# Sex is not complete ...



## HSNE (Dec 28, 2013)

Hi , 

I have been married for about 5 months , and we didn't make love untill we got married . 

The problem is , my wife , she won't let me touch her belly going down to her vagina , she even doesn't like me performing oral to her , she said the reason that she feel so ticklish at those areas.

I know this seems simple thing and i'm embarrassed to mention it , but it really annoys me .

any advise to get rid of that tickle feeling ?

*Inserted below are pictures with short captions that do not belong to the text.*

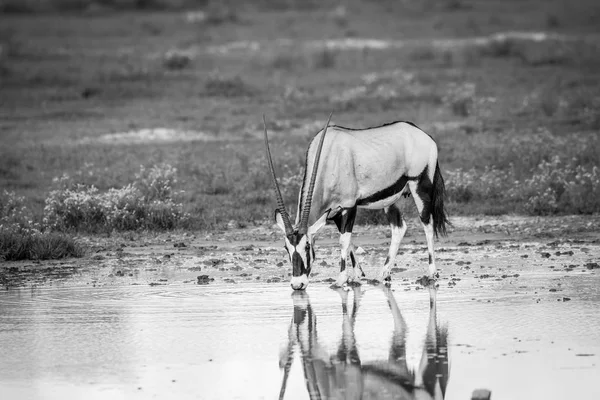Ivás Nyársas antilop, fekete-fehér. — Stock Fotó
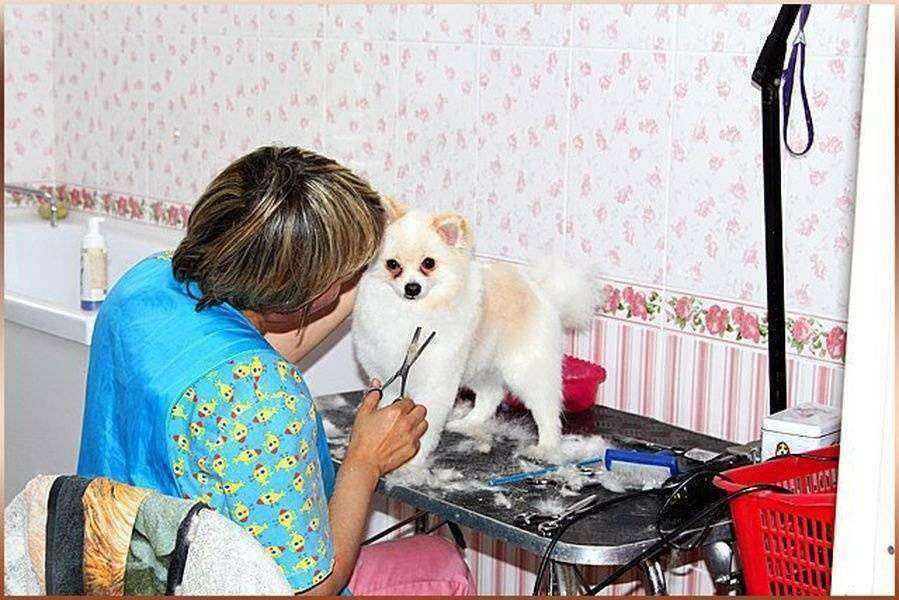 Отзывы на компанию Медведица в г. Иваново c фото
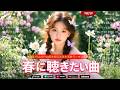 🌸【永久保存版】春ソング 名曲メドレー 2026｜卒業・桜・新生活を彩る90年代・2000年代 邦楽ヒット完全版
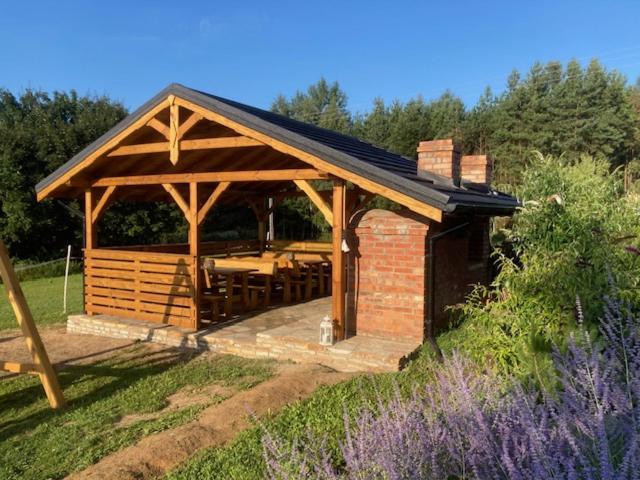 Отель Baba Jagna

She is 23 and i'm on my 25 .

thanks


----------



## mrsmanhatten (Apr 21, 2012)

I'm not sure if you could get rid of the feeling but I've noticed that I'm less ticklish the more turned on I am. So maybe try to do it later on in the foreplay. Also, if you do it less soft on her stomach and in those areas? A feathers touch tickles more than a strong hand. And, lastly she may be saying it tickles and that is not the truth.


----------



## 6301 (May 11, 2013)

If your giving her oral, rather then put you hands on her stomach, put them under her butt and squeeze a little.


----------



## HSNE (Dec 28, 2013)

Thank you guys for the responses .

Actually she feel ticklish everywhere from her belly to her vag , even when i try to do oral to her she said your tounge tickles me alot i can stand only your penis on it . 
And if she dosent said the truth , why whould she lie about that ?
Thanks again 
_Posted via Mobile Device_


----------



## Giro flee (Mar 12, 2013)

My husband is super ticklish. I have to touch him very firmly, no light feather touches. I have two ticklish spots myself, one around my belly button and the other my lower back. We just learned to stay away from those spots unless we are trying to torture each other. No big deal for us.


----------



## usmarriedguy (Dec 9, 2013)

I would agree with previous replies, use a firmer touch and avoid some things or areas. Some women prefer touch to oral. Her sensitivity will probably change over time. If she like massages in general do that some.


----------



## CaliRN (Jan 2, 2010)

That what happens when you wait, u find things out.


----------



## Maneo (Dec 4, 2012)

The suggestions of a firmer touch and not touching those places until she is highly aroused are good ones. Or if possible as suggested, try to avoid touching those spots. If your wife is always preoccupied with whether she will be touched on her ticklish places she may tense up and lose any pleasure. 

My wife is extremely ticklish and I've used all these methods. A counter intuitive thing my wife and I have done is bondage. When she is tied down she has no choice but to endure any touches (including me giving her oral) that tickle. Because she just naturally yells stop! if she feels tickled, we have a special "safe word" she will use if it is just too much for her to handle. That way she can say no! or stop! and I know she does not mean it. 
The interesting thing for us is that though it still tickles her, when she is tied down, she has a much more intense and ultimately pleasurable climax. So much so that now she mentions it when I haven't tickled her and asks me to tickle her even though it still drives her crazy. It now also turns her on. I doubt this works with everyone who is ticklish. 
Good luck.


----------



## askari (Jun 21, 2012)

This is a prime example of why couples should know if they are sexually compatible BEFORE they marry.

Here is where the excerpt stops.